Work required: Copy the lines exactly as they appear, starting with the first line of the records and ending with the line that contains "BBTO 8 Pcs Cat".
══ Supplied information ══
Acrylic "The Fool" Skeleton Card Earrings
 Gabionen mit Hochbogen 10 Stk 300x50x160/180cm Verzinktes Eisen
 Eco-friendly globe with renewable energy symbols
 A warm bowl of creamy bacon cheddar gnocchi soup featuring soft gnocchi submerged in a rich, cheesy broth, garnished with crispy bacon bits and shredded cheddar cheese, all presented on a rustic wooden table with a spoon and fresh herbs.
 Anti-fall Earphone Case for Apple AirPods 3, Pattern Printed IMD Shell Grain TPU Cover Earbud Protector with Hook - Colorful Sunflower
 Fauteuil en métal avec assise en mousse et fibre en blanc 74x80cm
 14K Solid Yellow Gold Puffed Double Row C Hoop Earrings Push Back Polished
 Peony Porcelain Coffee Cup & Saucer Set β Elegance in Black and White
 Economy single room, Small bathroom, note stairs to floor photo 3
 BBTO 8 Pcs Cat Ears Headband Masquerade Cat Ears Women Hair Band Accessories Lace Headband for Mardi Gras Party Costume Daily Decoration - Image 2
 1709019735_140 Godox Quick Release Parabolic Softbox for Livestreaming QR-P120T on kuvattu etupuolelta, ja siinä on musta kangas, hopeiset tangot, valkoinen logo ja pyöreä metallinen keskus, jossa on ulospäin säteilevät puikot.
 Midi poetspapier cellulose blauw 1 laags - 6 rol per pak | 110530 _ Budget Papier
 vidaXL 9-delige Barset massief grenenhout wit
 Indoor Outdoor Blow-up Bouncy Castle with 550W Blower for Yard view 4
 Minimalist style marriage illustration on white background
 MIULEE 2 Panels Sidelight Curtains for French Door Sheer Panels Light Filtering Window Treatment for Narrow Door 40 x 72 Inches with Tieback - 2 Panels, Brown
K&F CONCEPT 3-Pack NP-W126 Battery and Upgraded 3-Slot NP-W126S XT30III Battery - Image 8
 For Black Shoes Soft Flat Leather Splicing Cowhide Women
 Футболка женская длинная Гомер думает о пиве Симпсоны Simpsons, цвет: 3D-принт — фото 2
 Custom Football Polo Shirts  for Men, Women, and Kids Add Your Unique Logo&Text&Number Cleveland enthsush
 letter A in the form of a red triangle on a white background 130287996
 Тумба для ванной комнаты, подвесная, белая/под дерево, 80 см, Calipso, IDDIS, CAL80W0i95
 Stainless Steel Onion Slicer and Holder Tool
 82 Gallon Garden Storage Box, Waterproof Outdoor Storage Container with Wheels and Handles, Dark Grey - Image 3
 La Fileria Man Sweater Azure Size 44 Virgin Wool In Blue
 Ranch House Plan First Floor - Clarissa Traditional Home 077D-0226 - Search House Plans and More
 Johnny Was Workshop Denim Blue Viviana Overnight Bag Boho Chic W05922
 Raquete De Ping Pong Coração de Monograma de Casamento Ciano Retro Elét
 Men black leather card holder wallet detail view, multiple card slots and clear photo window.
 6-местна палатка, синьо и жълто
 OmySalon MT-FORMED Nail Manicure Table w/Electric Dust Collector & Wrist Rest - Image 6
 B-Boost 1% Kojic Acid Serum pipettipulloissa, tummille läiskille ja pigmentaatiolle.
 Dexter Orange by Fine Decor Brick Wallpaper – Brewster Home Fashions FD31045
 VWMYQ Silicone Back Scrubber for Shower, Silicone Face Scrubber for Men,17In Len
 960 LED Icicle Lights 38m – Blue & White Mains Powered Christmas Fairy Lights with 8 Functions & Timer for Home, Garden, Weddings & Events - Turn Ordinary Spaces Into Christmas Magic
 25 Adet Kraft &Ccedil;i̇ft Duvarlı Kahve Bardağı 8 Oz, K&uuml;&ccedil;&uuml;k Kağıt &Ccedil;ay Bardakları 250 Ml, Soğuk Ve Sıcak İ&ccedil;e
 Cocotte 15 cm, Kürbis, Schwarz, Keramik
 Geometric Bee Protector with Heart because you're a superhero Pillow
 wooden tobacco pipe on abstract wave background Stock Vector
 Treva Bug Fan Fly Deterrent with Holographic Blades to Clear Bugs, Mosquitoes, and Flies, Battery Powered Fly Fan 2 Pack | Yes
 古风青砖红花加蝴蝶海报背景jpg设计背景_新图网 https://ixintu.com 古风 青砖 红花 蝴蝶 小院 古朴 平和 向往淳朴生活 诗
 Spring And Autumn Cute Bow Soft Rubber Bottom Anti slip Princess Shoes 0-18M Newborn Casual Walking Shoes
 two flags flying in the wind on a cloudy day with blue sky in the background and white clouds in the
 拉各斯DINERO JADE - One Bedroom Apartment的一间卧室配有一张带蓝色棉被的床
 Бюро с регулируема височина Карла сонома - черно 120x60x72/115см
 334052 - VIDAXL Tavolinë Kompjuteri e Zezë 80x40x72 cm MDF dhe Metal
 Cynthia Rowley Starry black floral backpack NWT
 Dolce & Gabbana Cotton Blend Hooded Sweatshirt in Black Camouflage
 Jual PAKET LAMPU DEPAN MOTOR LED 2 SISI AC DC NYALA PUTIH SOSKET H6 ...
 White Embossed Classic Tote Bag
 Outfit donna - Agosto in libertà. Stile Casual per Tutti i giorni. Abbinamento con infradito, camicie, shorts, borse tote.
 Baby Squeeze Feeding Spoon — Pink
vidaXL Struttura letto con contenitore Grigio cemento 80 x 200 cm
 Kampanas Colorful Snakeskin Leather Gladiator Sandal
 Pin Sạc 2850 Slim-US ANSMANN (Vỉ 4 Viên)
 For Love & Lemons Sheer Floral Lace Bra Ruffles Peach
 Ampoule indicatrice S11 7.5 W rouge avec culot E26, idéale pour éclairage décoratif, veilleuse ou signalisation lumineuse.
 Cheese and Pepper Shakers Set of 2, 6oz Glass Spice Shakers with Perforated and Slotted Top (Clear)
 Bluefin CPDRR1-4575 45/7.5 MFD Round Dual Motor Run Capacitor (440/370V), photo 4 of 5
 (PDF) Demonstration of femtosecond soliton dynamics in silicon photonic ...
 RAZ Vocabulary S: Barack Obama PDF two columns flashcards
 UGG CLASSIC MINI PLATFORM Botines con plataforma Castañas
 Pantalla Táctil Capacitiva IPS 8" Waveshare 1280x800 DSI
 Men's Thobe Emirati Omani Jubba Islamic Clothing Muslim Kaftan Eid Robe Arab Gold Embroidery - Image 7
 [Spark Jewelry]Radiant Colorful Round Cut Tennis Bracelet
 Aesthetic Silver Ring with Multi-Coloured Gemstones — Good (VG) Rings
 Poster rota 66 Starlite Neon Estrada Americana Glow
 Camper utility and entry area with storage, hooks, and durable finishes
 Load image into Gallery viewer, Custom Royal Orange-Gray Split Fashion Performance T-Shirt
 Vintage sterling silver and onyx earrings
═══
Answer section:
Acrylic "The Fool" Skeleton Card Earrings
 Gabionen mit Hochbogen 10 Stk 300x50x160/180cm Verzinktes Eisen
 Eco-friendly globe with renewable energy symbols
 A warm bowl of creamy bacon cheddar gnocchi soup featuring soft gnocchi submerged in a rich, cheesy broth, garnished with crispy bacon bits and shredded cheddar cheese, all presented on a rustic wooden table with a spoon and fresh herbs.
 Anti-fall Earphone Case for Apple AirPods 3, Pattern Printed IMD Shell Grain TPU Cover Earbud Protector with Hook - Colorful Sunflower
 Fauteuil en métal avec assise en mousse et fibre en blanc 74x80cm
 14K Solid Yellow Gold Puffed Double Row C Hoop Earrings Push Back Polished
 Peony Porcelain Coffee Cup & Saucer Set β Elegance in Black and White
 Economy single room, Small bathroom, note stairs to floor photo 3
 BBTO 8 Pcs Cat Ears Headband Masquerade Cat Ears Women Hair Band Accessories Lace Headband for Mardi Gras Party Costume Daily Decoration - Image 2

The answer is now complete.